→ What the exercise asks
Pictures must not appear in the copy. Set down exactly the line with "Viogenesis Epsom Salt" and each line after it through the end of the data below.

→ Data below
──────────

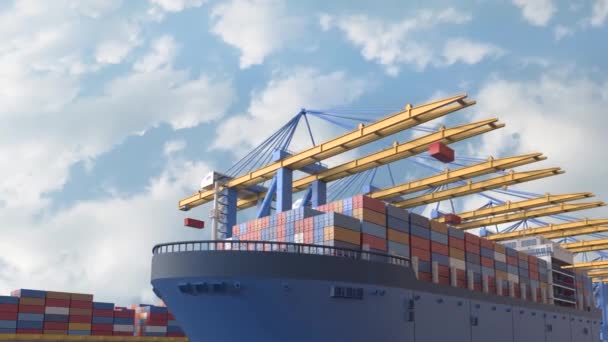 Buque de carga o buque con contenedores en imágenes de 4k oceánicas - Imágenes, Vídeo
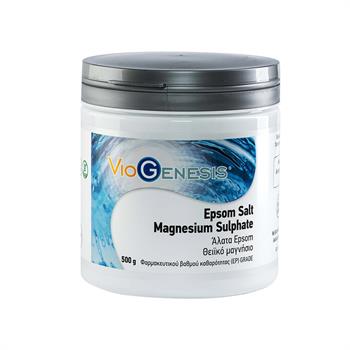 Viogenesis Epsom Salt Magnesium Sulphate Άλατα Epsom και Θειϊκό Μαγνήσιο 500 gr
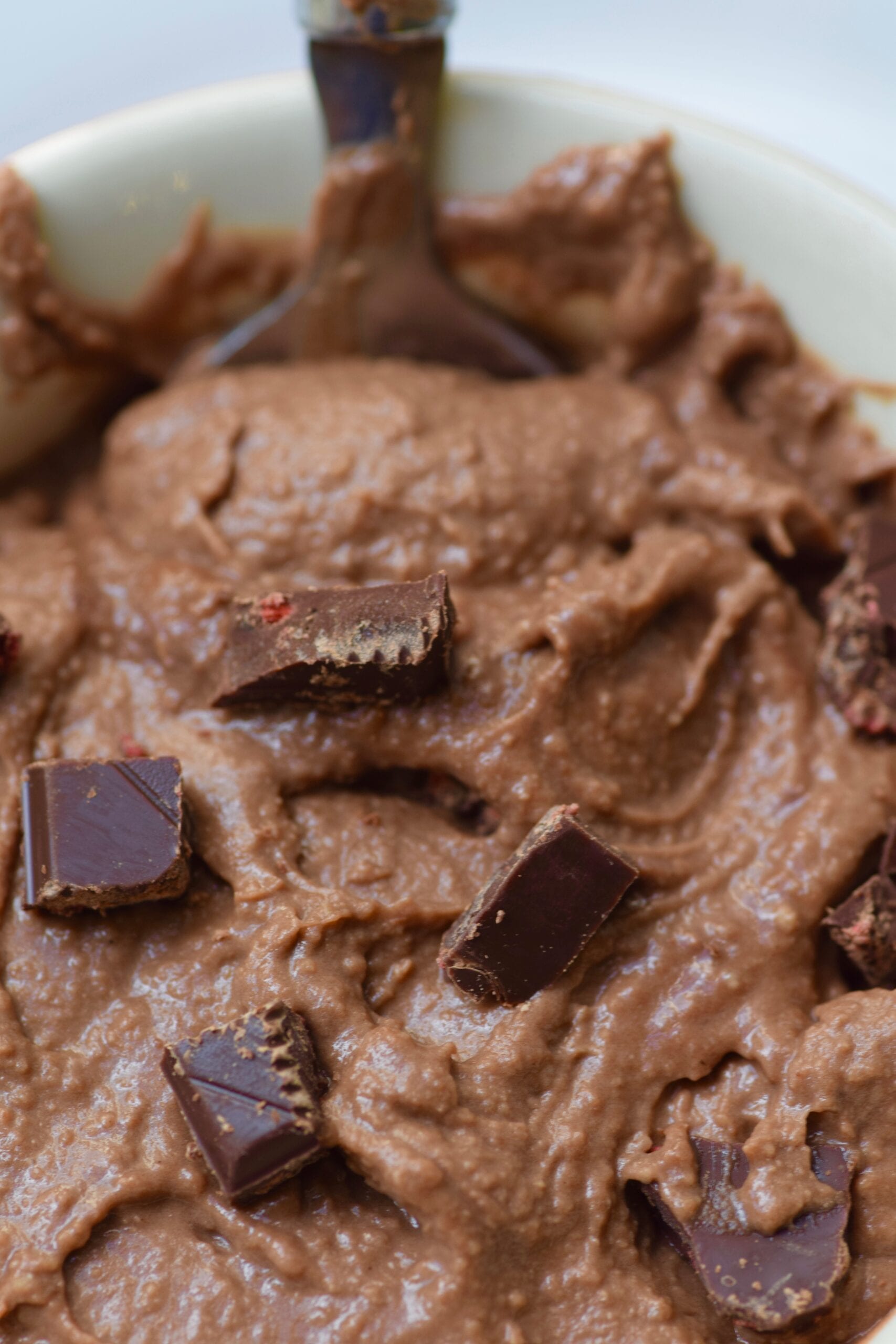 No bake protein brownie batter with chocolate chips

──────────

→ Answer to this exercise
 Viogenesis Epsom Salt Magnesium Sulphate Άλατα Epsom και Θειϊκό Μαγνήσιο 500 gr
 No bake protein brownie batter with chocolate chips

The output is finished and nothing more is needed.